Passion is a big word, a word that has meant conversely both great desire and great suffering, both long periods of endurance and an impetuousness that causes us to burst forth into spontaneous and unbridled action.

My nephew's passion is “ba.”

“Ba” can refer to a volleyball, ping pong ball, or miniature football. Additionally, it can refer to the action of throwing said ball at somebody's face or any other object that can be thrown at a face—from his sister's toy car in the middle of mass to his dad's iPhone to the eyeglasses of whomever happens to be holding him. 

“He also uses it for anything round,” my brother-in-law Matthew informs me. Matthew then enumerates the many “bas” Jimmy has recently pointed out: a water tower, the cap of a Coke bottle, pumpkins, yo-yos, lollipops, the sun, the moon, the crown of a bowler hat, and the circularity of a conversation held between two very old and dear friends. (Okay, so I may have added that last one.) 

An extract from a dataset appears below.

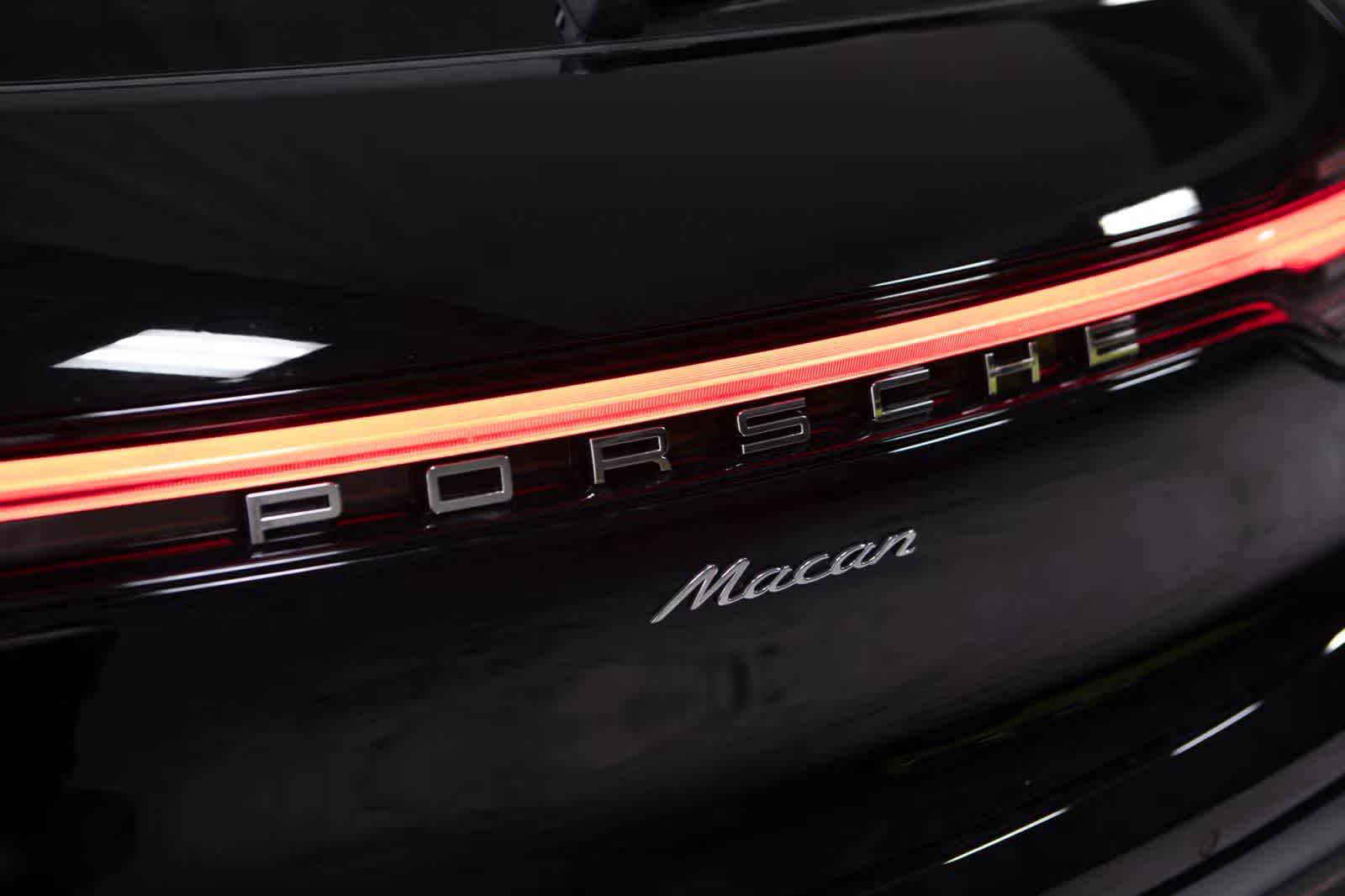 Thumbnail: 2026 Porsche Macan - 18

To me, the ear on the other end of Jimmy's near-talk, “ba” has become an exclamation of joy for everything he finds both round and wonderful.

I'm thinking of Jimmy's “ba” later that day as French soldiers put on their red, arm bands--each one a broad, flat circle. We are, of course, attending a local showing of Les Miserables to hear Matthew play percussion.

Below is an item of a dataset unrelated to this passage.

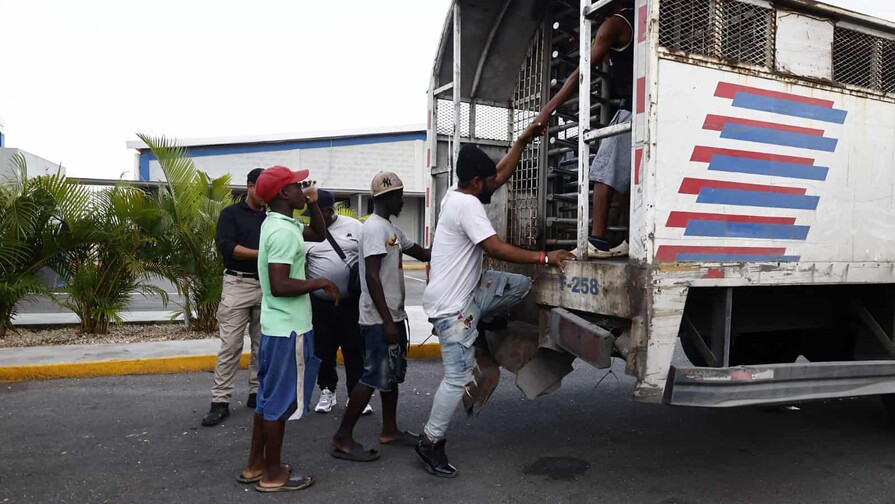Migración detiene a 1,189 extranjeros indocumentados en varias provincias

On stage, students from the junior college join children from the community to speak and sing in American-French accents. They are timid, heart-broken, in love, rebellious, faithful, resigned to their fates—and all in the matter of a few short hours. Though this is amateur theater, if I squint my eyes I can almost feel like I'm there in the dirty streets of not-so-gay Paris. What helps bring these emotions to life are the roll of the timpani, the ringing of the bells and, of course, the beating of the drums, which shake us in our seats at all the appropriate moments.

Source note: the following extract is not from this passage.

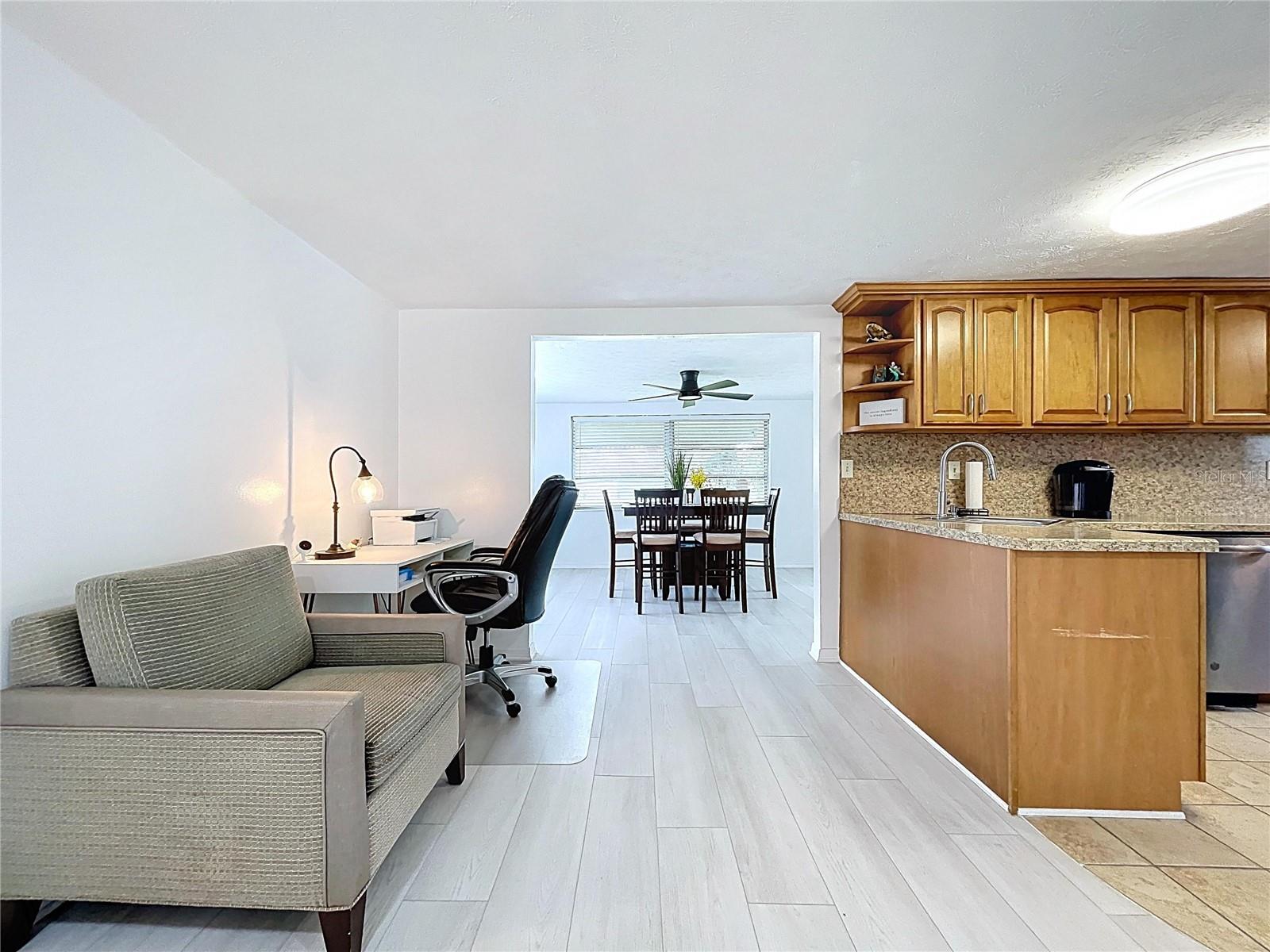 Image 17 of 31 For 2107 Harrison Drive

At intermission Joan makes her way down to our row. Joan is Matthew's mother and Jimmy's grandmother and, as far as I can tell, no relation to me whatsoever. And though she comes from the generation before the generation that invented the internet, she's one of the last people whose statuses I still actually follow on Facebook.

“Did you see my baby boy?” she asks.

It takes me too long to realize that she's referring to Matthew down in the orchestra pit. If Matthew is a “baby,” then I am certainly some sort of pre-pre-fetus known only to God and a handful of his closest angels.

“We were just about to go say Hello,” I tell her, and we all wade down through the sea of other theatergoers toward the orchestra pit.

On the program, his name appears: Matthew Lobmeyer—Percussion. But this is a cruel understatement, for there in the pit sits a grown man looking like no more than a child in comparison to the army of drums that surrounds him. The program should read: Matthew Lobmeyer—Every Piece of Percussion...Ever. In that moment, looking down at him as he looks up at us from his playpen of percussion, encircled by bas of every shape and size, he has never looked more like his own baby boy, Jimmy.

"Talk about surround sound!" Joan says, and I kick myself for not coming up with the pun first.

An English teacher of mine once said that it's impossible to end a story two different ways. At a certain point you have to choose. He also said that finding your passion is the most important thing—and by passion he meant the passion to write stories that end only one way. 

“And once you've found it, you've got to hold onto it for dear life like a dog holds onto its favorite chew toy. Because there's nothing the world wants more than to a take away what you love. If you love something, you must suffer for it.” He was profoundly unhappy then and I can only imagine how much more unhappy he must be now.

Nevertheless, I do hope that Jimmy finds his “ba,” the one that will keep him striving through this life. But, to disagree for a moment with what I was taught—as I am so often apt to do—I hope he never latches on so tightly to this or that “ba” that he forgets just how many water towers and lassos and glass marbles are out there in this big round world. 

And something else I've learned is this: When the Master takes away a toy—if it indeed came from Him in the first place—He never takes it away for very long.